Eso fue lo que pensé cuando la vi recoger su ropa con movimientos rápidos, casi torpes, evitando el contacto visual. La mancha roja seguía ahí, pequeña pero innegable, como un final predeterminado en algo que ni siquiera comprendía.
—Elena —dije—. Espera.
Me abotonó la camisa hasta arriba, como si eso pudiera cubrirla por completo.
Soltó una risa seca.
En cuanto dije eso, vi cómo su rostro se endurecía. No por vergüenza. Era aterrador.
Se inclinó sobre la cama, arrancó la sábana de un tirón y la hizo rodar entre sus brazos.
Esa frase me dejó indiferente.
Elena no respondió de inmediato. Él fue al baño, abrió la puerta y metió la sábana dentro, como si quisiera ocultar no solo la mancha, sino toda la noche. Luego salió, ya con el vestido en la mano.
“Eso significa que fue una tontería y que tienes una reunión en dos horas. Vístete. Olvídalo. Yo haré lo mismo.”
La conocía lo suficientemente bien como para saber que cuando hablaba así era porque estaba a punto de derrumbarse o de huir.
Ella sonrió, pero sin humor.
Eso me dejó sin palabras.
Me dio la espalda, sin la más mínima intimidad, como si en menos de cinco minutos hubiéramos pasado de compartir cama a ser dos extraños con demasiada historia en común. Antes de irse, se detuvo junto a la puerta.
No se dio la vuelta.
“Si te acuerdas de mí después de hoy…” Hazte un favor y recuérdame como lo hice yo anoche. No como lo hice esta mañana.
Y se marchó.
No la seguí.
Durante semanas me odié a mí misma por ello.

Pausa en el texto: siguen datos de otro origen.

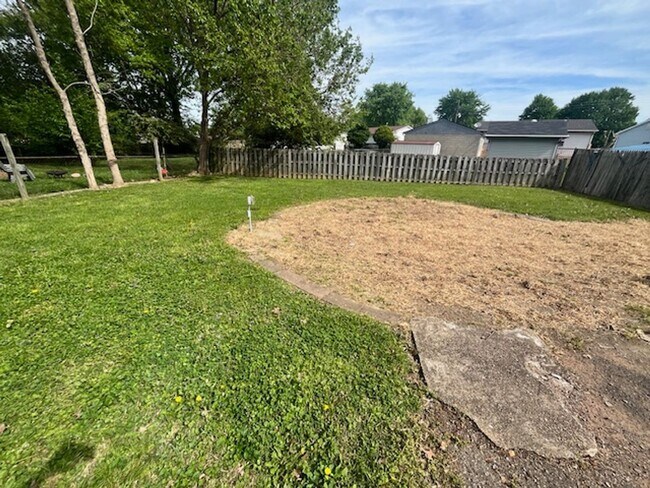 Building Photo - 4BR/1Ba house- New pics coming soon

Continué con el viaje, las reuniones, las maquetas del complejo, los ingenieros y los números, pero desde aquella mañana algo se me quedó grabado. Le escribí esa misma tarde:
Tardó horas en responder.
Sí. No me busques.
Eso fue todo.
Dos días después regresé a la Ciudad de México. Quería convencerme de que la mancha podía tener una explicación sencilla, que tal vez estaba enferma, que tal vez solo se había asustado, que en realidad estaba exagerando porque la culpa de haberme acostado con mi ex buscaba una excusa para seguir pensando en ella.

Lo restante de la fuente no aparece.